CT-Derived FFR Enables Accurate ‘Virtual Stenting’

PARIS, France—Using computed tomographic (CT) imaging to calculate fractional flow reserve (FFR) enables accurate 3-D modeling of coronary stenosis and “virtual stenting.” The technique can be used to predict the success of percutaneous coronary intervention (PCI), according to results with the technology presented Wednesday, May 16, at EuroPCR 2012.

The first major study of CT-derived FFR came with the DISCOVER FLOW trial, presented at EuroPCR 2011 and subsequently published in the Journal of the American College of Cardiology by Bon-Kwon Koo, MD, PhD, of Seoul National University Hospital (Seoul, South Korea), and colleagues. The trial showed that the new noninvasive imaging method yields high diagnostic accuracy comparable to the gold standard of invasive FFR.

For the current study, Dr. Koo and colleagues compared the accuracy of CT-derived FFR with conventional FFR before and after stenting in 44 stable patients (48 vessels) from 3 centers. To perform virtual stenting, the researchers modified the 3-D computational model generated from CT-derived FFR to restore the area of the treated coronary segment to that of the proximal and distal reference areas. The CT-FFR value was then recalculated.

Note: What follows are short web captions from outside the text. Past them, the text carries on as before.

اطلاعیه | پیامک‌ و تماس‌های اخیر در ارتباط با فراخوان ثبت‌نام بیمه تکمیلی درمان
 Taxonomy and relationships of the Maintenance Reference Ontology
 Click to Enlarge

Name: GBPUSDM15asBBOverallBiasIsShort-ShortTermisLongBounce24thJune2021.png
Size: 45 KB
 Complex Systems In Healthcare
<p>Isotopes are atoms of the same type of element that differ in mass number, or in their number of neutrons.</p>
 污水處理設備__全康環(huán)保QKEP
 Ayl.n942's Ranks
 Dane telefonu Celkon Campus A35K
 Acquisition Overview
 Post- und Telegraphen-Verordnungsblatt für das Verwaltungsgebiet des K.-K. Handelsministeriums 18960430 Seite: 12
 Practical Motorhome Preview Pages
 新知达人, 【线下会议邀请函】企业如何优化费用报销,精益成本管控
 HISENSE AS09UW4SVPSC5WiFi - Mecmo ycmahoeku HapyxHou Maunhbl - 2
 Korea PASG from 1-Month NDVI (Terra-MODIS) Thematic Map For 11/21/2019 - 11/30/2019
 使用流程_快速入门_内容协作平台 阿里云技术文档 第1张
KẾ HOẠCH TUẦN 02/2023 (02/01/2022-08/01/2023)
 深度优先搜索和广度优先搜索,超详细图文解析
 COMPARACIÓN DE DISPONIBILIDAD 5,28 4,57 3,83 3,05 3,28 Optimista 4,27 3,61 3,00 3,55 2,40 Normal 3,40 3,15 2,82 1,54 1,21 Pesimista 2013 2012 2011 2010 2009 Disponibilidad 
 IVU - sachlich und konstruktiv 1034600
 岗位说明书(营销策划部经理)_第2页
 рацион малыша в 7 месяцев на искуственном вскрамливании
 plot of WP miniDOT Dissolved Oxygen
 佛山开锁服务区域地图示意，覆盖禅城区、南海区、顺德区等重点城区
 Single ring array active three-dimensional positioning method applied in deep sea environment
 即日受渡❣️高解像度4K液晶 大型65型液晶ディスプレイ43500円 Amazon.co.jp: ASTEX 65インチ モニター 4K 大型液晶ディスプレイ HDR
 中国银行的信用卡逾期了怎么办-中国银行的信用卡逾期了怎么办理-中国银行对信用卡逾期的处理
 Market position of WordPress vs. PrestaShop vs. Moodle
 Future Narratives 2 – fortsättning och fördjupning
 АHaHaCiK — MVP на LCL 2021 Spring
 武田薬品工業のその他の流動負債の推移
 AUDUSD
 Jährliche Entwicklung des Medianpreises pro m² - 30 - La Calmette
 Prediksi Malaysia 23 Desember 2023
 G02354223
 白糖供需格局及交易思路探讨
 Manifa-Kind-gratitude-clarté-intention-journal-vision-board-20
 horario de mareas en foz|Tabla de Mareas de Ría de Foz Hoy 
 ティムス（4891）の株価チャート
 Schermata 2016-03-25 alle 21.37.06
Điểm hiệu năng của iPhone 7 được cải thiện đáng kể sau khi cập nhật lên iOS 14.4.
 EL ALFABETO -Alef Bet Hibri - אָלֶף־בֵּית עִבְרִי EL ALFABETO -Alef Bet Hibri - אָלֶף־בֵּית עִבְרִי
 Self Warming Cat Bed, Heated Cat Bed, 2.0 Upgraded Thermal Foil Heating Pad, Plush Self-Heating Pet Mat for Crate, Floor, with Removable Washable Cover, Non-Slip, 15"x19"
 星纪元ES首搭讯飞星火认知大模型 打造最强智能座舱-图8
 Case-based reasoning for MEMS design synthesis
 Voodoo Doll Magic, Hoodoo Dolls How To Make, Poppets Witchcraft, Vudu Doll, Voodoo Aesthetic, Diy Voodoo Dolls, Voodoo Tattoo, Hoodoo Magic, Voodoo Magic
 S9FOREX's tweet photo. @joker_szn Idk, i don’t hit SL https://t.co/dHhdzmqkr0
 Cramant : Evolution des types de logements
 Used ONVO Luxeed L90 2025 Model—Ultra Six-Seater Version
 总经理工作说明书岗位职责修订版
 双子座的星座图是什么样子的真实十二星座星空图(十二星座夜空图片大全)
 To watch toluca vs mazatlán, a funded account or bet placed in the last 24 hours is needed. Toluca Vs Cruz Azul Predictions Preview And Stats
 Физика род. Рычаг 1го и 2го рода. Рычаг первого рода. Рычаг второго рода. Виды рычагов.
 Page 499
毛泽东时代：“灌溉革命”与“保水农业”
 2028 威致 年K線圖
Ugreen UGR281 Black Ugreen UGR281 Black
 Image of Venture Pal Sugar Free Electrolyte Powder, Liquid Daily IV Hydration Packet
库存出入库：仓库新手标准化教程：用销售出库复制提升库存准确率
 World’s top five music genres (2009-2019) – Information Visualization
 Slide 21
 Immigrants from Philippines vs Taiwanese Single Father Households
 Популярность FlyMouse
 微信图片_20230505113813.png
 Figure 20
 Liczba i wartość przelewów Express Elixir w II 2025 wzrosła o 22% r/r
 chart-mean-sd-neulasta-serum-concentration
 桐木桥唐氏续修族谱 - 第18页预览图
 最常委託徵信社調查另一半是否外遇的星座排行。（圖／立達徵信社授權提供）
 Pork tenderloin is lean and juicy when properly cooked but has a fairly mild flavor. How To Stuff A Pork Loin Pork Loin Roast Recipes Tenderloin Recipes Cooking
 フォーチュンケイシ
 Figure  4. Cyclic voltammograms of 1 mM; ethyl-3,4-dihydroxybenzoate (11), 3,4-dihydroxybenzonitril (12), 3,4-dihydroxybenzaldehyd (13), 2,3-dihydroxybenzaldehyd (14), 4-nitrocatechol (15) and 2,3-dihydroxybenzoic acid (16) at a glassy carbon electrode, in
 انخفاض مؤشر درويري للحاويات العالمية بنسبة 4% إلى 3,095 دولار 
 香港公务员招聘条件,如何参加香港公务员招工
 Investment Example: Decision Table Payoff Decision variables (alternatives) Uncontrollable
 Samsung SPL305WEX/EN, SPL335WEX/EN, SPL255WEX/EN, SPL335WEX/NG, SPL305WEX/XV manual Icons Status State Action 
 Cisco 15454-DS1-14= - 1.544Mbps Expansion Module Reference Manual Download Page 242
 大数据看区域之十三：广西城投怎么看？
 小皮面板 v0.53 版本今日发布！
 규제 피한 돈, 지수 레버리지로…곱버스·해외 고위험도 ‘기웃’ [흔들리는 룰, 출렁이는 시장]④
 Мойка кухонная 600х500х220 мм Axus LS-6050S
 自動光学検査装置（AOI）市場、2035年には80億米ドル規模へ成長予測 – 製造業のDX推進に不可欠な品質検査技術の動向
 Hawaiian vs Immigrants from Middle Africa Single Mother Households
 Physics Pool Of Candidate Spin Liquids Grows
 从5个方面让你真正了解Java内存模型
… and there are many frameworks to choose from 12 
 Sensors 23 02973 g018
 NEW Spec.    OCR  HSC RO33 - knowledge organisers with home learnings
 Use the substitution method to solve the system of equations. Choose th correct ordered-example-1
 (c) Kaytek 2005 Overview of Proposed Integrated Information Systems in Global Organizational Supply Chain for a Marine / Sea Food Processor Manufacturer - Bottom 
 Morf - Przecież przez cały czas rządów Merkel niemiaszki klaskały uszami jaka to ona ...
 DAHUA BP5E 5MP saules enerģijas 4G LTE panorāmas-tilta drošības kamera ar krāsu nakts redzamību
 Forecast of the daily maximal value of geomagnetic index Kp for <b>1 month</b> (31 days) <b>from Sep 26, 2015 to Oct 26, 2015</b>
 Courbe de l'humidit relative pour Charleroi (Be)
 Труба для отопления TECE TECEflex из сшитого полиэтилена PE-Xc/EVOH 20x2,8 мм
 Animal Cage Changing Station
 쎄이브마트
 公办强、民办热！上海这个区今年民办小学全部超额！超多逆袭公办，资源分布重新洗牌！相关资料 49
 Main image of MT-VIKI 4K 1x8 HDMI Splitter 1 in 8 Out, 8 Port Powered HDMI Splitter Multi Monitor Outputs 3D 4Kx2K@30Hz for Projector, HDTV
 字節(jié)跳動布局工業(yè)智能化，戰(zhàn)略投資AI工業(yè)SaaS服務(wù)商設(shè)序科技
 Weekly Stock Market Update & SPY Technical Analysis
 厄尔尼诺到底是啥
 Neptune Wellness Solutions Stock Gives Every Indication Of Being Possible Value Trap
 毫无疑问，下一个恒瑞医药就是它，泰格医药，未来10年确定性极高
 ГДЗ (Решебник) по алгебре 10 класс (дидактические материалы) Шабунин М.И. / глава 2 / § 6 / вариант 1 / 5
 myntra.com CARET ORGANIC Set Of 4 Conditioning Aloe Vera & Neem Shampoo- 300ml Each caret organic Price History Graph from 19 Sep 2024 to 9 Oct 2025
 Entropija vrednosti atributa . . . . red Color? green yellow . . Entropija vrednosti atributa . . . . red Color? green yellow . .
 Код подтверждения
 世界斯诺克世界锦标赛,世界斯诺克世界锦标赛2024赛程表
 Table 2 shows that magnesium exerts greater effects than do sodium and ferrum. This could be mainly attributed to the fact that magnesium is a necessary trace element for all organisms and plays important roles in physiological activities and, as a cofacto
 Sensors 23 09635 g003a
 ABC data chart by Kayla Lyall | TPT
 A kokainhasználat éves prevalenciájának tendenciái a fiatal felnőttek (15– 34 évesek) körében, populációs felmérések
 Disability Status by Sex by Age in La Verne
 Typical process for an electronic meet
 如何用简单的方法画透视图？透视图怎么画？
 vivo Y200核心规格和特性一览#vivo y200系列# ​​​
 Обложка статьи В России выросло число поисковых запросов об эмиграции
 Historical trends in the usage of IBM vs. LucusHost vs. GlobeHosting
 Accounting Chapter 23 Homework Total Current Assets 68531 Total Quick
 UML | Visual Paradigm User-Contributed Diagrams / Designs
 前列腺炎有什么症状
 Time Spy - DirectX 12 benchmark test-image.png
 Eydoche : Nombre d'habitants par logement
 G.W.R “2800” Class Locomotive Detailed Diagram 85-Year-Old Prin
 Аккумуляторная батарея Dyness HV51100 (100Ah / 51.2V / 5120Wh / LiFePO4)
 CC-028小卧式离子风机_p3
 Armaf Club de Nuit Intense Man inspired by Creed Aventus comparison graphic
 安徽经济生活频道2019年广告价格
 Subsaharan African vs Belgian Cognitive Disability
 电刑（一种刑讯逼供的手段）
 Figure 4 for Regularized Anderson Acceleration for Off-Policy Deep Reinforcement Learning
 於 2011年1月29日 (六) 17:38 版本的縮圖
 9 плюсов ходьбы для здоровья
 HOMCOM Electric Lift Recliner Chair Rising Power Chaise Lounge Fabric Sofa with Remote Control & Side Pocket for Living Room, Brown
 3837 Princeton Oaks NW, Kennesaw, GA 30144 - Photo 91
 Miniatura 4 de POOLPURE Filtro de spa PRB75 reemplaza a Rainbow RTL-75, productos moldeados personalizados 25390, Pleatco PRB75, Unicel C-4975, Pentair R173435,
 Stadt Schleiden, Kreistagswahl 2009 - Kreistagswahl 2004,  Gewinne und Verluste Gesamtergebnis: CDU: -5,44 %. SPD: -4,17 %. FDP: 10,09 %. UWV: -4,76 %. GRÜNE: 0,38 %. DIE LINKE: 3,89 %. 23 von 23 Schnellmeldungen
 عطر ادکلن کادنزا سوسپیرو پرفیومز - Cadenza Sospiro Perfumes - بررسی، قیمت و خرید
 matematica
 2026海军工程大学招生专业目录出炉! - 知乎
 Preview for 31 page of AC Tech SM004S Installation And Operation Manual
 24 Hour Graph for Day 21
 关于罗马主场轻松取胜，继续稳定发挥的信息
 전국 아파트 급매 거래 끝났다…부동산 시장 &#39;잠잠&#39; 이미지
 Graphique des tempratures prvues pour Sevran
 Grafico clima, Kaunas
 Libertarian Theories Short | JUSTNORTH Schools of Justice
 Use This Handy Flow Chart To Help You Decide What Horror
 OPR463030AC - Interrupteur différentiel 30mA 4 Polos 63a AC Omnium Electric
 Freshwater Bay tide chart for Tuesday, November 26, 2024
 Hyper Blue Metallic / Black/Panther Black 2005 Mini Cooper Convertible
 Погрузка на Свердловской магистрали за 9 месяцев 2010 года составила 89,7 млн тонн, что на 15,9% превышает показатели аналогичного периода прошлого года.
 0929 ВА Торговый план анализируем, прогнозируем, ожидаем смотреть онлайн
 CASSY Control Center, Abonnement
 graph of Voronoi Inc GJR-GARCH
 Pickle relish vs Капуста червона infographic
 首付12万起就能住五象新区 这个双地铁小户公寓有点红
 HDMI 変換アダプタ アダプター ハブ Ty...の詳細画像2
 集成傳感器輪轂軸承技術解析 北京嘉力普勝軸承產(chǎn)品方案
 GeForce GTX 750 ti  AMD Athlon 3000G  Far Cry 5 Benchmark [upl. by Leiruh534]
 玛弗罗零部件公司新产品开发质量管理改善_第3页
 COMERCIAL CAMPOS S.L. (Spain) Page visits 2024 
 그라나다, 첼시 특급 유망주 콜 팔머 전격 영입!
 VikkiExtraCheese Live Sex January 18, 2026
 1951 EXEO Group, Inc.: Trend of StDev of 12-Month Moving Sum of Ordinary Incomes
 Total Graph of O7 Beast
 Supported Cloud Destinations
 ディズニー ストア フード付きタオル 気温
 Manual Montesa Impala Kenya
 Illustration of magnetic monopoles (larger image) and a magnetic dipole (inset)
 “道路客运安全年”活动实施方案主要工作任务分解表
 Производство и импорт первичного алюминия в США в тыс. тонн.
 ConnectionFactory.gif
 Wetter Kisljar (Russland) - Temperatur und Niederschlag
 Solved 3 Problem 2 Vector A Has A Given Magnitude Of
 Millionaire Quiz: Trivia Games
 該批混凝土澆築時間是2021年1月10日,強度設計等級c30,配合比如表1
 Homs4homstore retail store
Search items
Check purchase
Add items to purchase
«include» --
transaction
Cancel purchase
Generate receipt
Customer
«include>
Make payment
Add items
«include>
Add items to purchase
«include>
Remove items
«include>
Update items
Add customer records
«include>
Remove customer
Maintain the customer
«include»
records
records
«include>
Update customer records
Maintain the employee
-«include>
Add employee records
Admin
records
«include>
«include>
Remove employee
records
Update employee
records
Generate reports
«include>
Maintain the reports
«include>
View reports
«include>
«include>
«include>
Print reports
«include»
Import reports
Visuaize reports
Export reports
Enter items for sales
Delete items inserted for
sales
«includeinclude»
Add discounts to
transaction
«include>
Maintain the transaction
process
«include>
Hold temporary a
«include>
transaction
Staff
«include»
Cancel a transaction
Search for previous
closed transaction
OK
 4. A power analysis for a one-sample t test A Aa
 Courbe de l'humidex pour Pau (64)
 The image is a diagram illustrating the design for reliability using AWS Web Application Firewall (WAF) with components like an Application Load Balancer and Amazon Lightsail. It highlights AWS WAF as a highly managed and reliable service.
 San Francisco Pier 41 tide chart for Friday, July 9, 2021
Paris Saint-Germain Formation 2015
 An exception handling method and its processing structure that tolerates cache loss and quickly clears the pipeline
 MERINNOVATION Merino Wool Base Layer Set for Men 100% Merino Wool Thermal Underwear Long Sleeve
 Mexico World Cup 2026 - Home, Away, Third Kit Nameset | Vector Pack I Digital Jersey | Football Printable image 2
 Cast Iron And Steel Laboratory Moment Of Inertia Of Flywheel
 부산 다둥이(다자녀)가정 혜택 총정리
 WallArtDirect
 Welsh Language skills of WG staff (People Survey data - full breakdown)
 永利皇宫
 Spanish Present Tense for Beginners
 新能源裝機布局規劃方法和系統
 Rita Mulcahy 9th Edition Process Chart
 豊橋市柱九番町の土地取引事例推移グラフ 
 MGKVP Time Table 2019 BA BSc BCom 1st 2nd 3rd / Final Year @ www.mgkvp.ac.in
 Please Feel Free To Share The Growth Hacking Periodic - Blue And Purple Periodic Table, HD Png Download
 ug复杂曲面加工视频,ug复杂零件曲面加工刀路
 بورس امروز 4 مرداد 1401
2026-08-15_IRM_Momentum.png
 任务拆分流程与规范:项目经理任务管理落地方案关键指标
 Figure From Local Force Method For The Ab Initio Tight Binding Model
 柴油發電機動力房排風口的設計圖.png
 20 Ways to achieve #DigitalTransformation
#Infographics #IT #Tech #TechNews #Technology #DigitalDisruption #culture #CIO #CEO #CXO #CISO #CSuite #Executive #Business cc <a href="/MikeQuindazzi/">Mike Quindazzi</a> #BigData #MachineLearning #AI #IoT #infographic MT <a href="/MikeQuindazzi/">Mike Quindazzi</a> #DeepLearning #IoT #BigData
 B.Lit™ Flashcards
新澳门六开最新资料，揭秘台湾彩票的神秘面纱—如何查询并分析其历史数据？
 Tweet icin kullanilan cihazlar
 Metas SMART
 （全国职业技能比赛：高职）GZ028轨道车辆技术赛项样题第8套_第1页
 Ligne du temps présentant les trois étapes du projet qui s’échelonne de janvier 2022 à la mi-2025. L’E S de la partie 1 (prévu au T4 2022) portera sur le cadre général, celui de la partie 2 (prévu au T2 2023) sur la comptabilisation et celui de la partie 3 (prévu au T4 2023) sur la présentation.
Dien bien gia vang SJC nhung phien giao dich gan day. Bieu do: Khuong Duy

Methods Show Good Correlation

Prior to PCI, conventional FFR and CT-derived FFR correlated well by showing values of 0.70 ± 0.14 and 0.70 ± 0.15, respectively, resulting in a difference of merely 0.006 ± 0.14 (R = 0.6; P < 0.01). After PCI, the values for conventional FFR and CT-derived FFR were 0.90 ± 0.05 and 0.88 ± 0.05, respectively, again showing good correlation at a difference of 0.02 ± 0.05 (R = 0.55; P < 0.01).

Upon further analysis, the disagreement between CT-derived and conventional FFR was again low, starting with a mean difference before stenting of 0.0063 and 95% confidence interval of -0.27 to 0.28, with the confidence interval narrowing further after stenting to -0.077 to 0.125. After virtual stenting, CT-derived FFR found no false-negatives and 2 false-positives (3.5%) compared with conventional FFR. There were 44 true-negatives (93%) and 2 true-positives (3.5%) on CT-FFR.

CT-derived FFR showed an overall sensitivity of 100% and specificity of 96% in predicting ischemia after stenting. Negative- and positive-predictive values were 100% and 50%, respectively, with a total accuracy rate of 96%.

“Treatment planning using virtual stenting and FFR-CT seems to be feasible,” Dr. Koo said, “and FFR-CT after virtual stenting can accurately predict the success of PCI in terms of relieving myocardial ischemia, so this novel technology may enable optimal patient- and lesion-specific treatment choice before the invasive procedure.”

Study Details

Patients had a reference vessel diameter of 3.0 ± 0.7 mm and a diameter stenosis of 64.5 ± 14.0%. The majority of patients were male (80%) with an LVEF of 63.1 ± 7.4%. After stenting, MLD was 2.6 ± 0.5 mm, with a stent diameter of 3.1 ± 0.4 mm and a stent length of 26.0 ± 10.1 mm. Diameter stenosis was 10.1 ± 8.5%.

Koo B-K. A novel non-invasive technology for treatment planning using virtual coronary intervention and CT-derived computed fractional flow reserve (FFRCT). Presented at: EuroPCR; May 16, 2012; Paris, France. 


  • Dr. Koo reports no relevant conflicts of interest.